12 March 2020 | 8th Edition

Now the broad brushstrokes of the new site are in place, it's time to start drilling down into fiddly details.

First on that list, how to handle the very essence of the internet — hyperlinks. Specifically text hyperlinks a:link.

It's rare nowadays that you come across a website that still uses out-of-the-box standard html blue (#0000FF) for hyperlinks. The reason being that in most situations they just don't look that good, unless your site already has a lot of blue on it. There is already too much blue on the internet as it is. And let's face it who remembers those ugly grey backgrounds covered with high-saturation blue links back in the early internet days?

Rarer still, blue text AND an underline. CSS allowed us to turn off those pesky underlines with:

a:link { text-decoration: none; }

and boom, every designer did and they were gone. But I'm coming back around to underlined links as being vital in terms of accessibility, particularly in running text; but not so much in dedicated navigation.

As part of the redesign here, I toyed with using underlined links in the footer and side panel navigation. But if anything it made things look less readable. Lists of links become very painful to look at. So text hyperlinks in those areas have underlines in the :hover state only, which is good enough I think. And really a list of links in an obvious navigation area should not pose to much problem to understand what their function is.

The other link mode worth thinking about is the :visited link state — that is to say — what does a link you've already visited look like. :visited a pseudo-class selector, it can change some of the styling attributes an anchor link element if the user's browser has already visited that link. It's there to distinguish the difference between links they have and haven't visited.

Most websites use different colours for visited and unvisited links, making this an understandable convention that people have now come to expect.

At visited links here were initially lightish grey — mainly to keep the strong mono colour theme going. But actually it's a poor choice as grey a) always signals that something is out of bounds or is not a functioning choice, and, b) the text wasn't that easy to read in that colour. Make the grey darker? But then it didn't contrast sufficiently with standard black body text in running text. So I was coming around to the html default:

a:visited { color: purple }

Yes really — let's all go back to the mid-90s internet. It was that colour for a reason because nothing else was. Would purple be sufficiently different enough to the red link colour that is being used for unvisited links? If anything a lighter color, to make the link look "faded" seems the unofficial convention.

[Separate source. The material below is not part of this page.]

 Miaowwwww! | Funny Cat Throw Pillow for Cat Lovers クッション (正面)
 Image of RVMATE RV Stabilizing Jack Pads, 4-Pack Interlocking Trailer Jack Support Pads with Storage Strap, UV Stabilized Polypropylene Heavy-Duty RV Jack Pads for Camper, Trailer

"The color for unvisited links should be more vivid, bright, and saturated than the color for visited links, which should look "used" (dull and washed out)."

Jakob Nielsen

Taking that into consideration, a lighter red/pink is in order. Even when visited, a link would still contrast well within black running text. It would even possibly work in the black footer area.

So, currently playing around with options for visited running text links, side nav links and footer links. It's a bit experimental — and things might look little odd until a solution is finally decided upon and it all settles down.